Yo empecé a investigar a esos superhombres ibéricos y cuando ya llevaba 42 personajes fabricados en España, bastante antes de la era Marvel y DC, me di cuenta del sambenito del franquismo. Son, claro, producto de aquella sociedad. ¿Aquella sociedad era una dictadura? Sí; ¿Reflejaban los cómics los valores sociales y hacían propaganda de la dictadura? Categóricamente no, salvo algún título puntual.

— Llegamos al presente y de repente encontramos a grandes figuras del underground y la contracultura teniendo discursos reaccionarios o hablando de una supuesta pérdida de libertad. ¿Cómo crees que debe posicionarse el cómic ante un momento cultural tan complejo como este?

— La pregunta me sobrepasa. Desde mi punto de vista, por desgracia, el cómic ya no tiene, salvo notables excepciones, una vocación contracultural. Digo vocación porque la contracultura podría darse aunque venga en tapa dura y con las páginas en color, en un papel de 180 gramos de gramaje. Es la intención lo que ya no es. ¿Por qué? Pues porque la mayoría de autores de cómic, sobre todo los que quieren hacer un cómic de tipo social, están lanzando los mismos mensajes que los que reciben desde el poder. 

Las ganas de provocación se han perdido, y eso lo echo de menos, incluso a nivel formal. Micharmut provocaba alterando la estética y la narrativa del cómic de arriba a abajo, sin necesidad de meterse en harinas políticas, independientemente de que, como todo el mundo tenía sus ideas. 

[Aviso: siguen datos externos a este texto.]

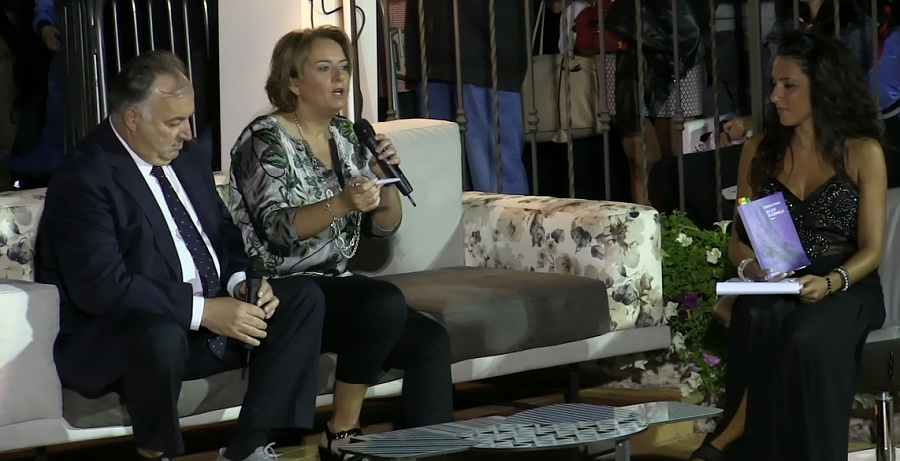 sotto le stelle gli ulivi di albanella pazzelli donatella con libro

Hablando claro y en plata, y lo siento mucho, pero estoy hasta las narices de «mi abuelito hizo la Guerra Civil con los republicanos y voy a hacer un cómic». No nos hace falta tanto discurso porque, desde mi punto de vista, es una manera de seguir infantilizando al medio. Al seguir el discurso oficial estamos infantilizando de nuevo al medio, aunque nos creamos que es guay para adultos.